I saw this lush experimental movie at least three times the week it opened at the Carnegie Hall Cinema, when I was a college sophomore, and was as smitten as anyone. I still am. But I don’t think Marienbad’s effect on me would have been as powerful if I hadn’t spent most of my childhood soaking up commercial movies, just as Resnais did. Hollywood and its French counterparts are at the center of the movie’s glamour and beguilement, as well as its tricky mind games. If you watch closely you’ll catch a glimpse of a life-size blowup of Alfred Hitchcock [see above], eavesdropping on hotel guests beside an elevator, shortly before X makes his first on-screen appearance. Quite a bit later, when M is with A in her bedroom, Resnais’ sequence of shots alludes to a scene between Rita Hayworth and George Macready in Gilda. A’s Chanel dresses (including one made of feathers) evoke Marlene Dietrich in her Josef von Sternberg movies, and no less evident is the ambience of silent French high-society crime serials like Fantomas and Les Vampires.

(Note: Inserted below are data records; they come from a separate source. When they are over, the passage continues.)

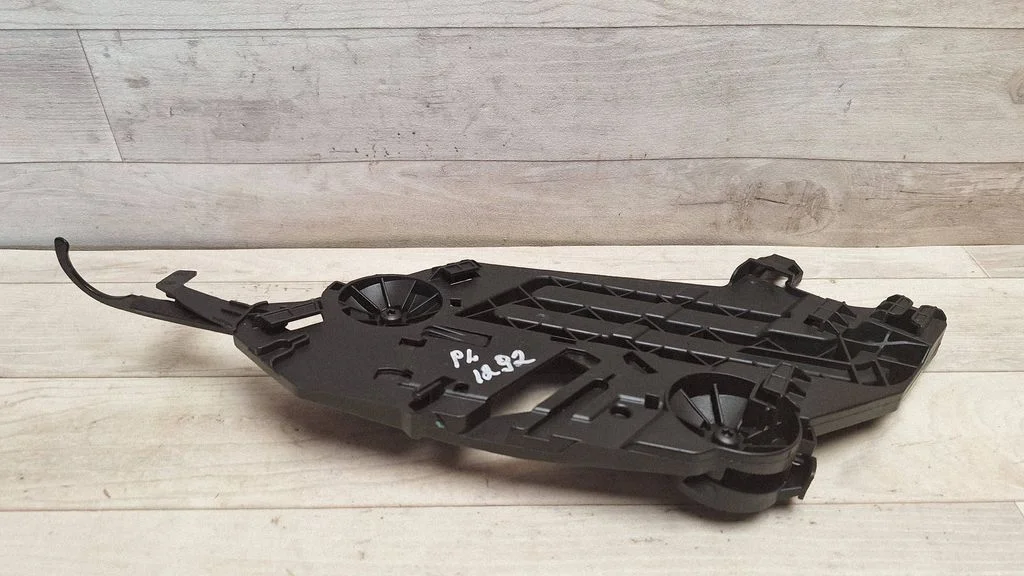 Headlight/headlamp mounting bracket 17035201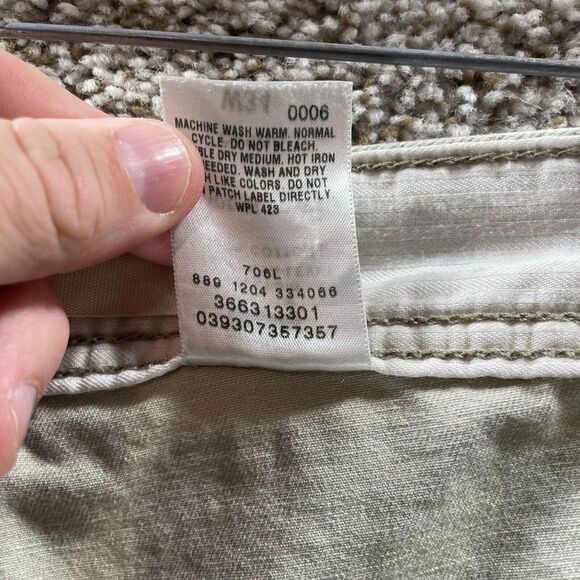 Vintage Levis Shorts Adult 34 Tan Cargo Pockets 2004 Cotton Casual Y2K Logo Mens - Picture 11 of 12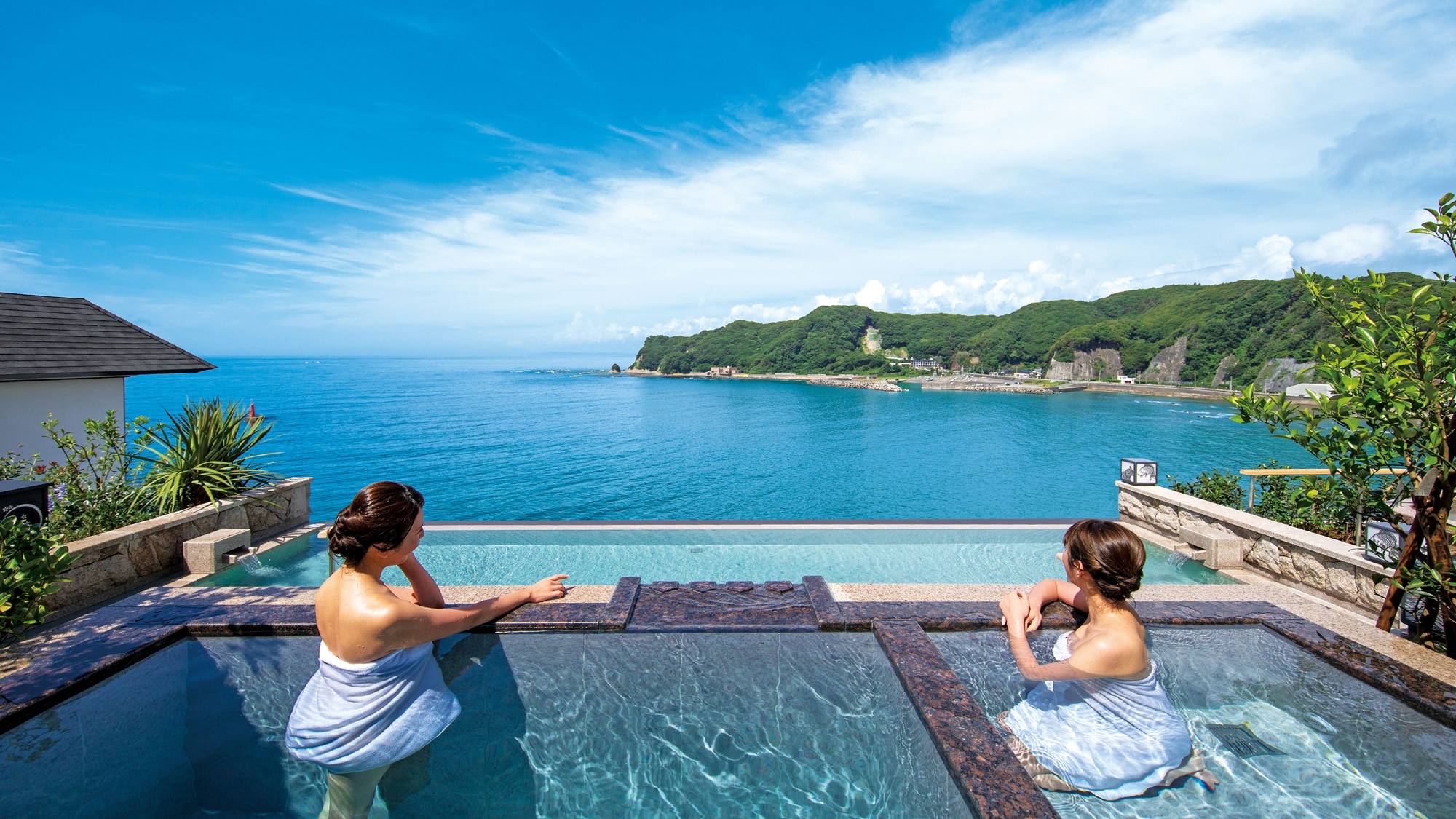 *[Open-air bath] An open-air bath 35 meters above ground. Enjoy the magnificent view and a sense of freedom to your heart's content.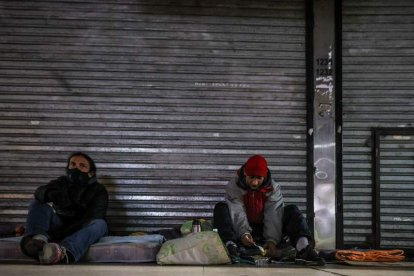 Dos personas en situación de calle en Madrid. JUAN IGNACIO RONCORONI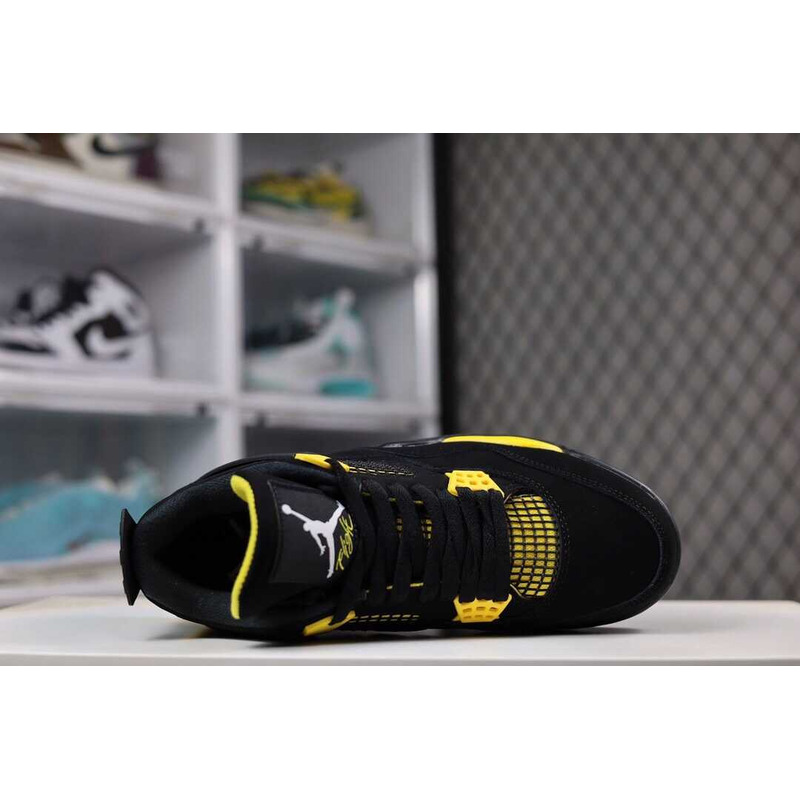 Jordan Air Jordan 4 Thunder Sneakers Yellow And Black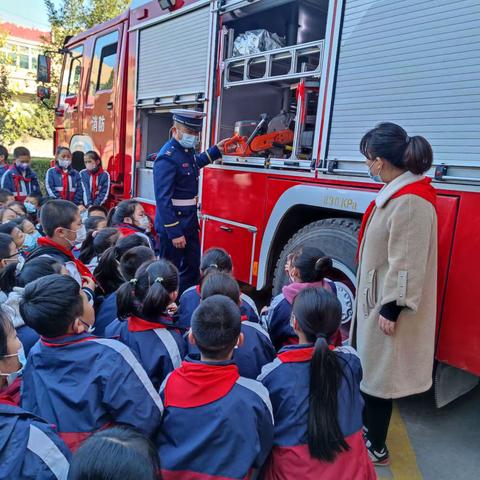 走进消防队——白水县胜利小学五三中队开展研学实践活动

When X illogically appears twice within the same tracking shot — first seen playing cards with M and others, then approaching A, who’s been watching the game at a distance and from behind — the effect may be nightmarish, but it’s also not too different from a vaudeville gag in The Band Wagon, featuring Oscar Levant at both ends of a ladder. Even an allegorical game with matchsticks played repeatedly by X and M — a kind of puzzle within a puzzle — suggests the showdowns between heroes and villains in some westerns. Yet we’re never nudged to laugh at the campiness; Resnais never tampers with the film’s purity as a voluptuous experience.
Both Resnais and Robbe-Grillet were born in 1922, and shared a set of cultural references. (Though Marienbad’s settings and costumes confound any precise sense of period, the era of their youth — evoked so memorably in Resnais’ 1986 Mélo — seems to dominate.) The biggest difference between the two men may have been their sexual sensibilities. Robbe-Grillet’s preoccupation with bondage and domination — which earned him the jokey epithet metteur-en-chaine (“placer in chains”) and turned his late novels into programmatic porn thrillers — placed him closer to the aggressive X, while Resnais was clearly more in sympathy with A (and would use Seyrig again, no less memorably, in his next feature, Muriel).
The film is certainly about a battle of wills, but whether X or A comes out on top is far from certain. In Houston’s description, “fairy tale” is the crucial term, and Freudian resonances are never far away. What many have called cerebral in Marienbad is revealed to be highly emotional once one surrenders to the film’s dreamlike rhythms and sensual surfaces, its sudden, uncanny transitions, its rude shocks. And the haunting aftertaste is no less primal: “The film’s last shot is of the great chateau,” Houston noted, “and, with its few lighted windows, it no longer looks like a prison but like a place of refuge.” Despite the pretense of an adult drama of intrigue and infidelity, what lingers is a child’s frightened view of the strange goings-on.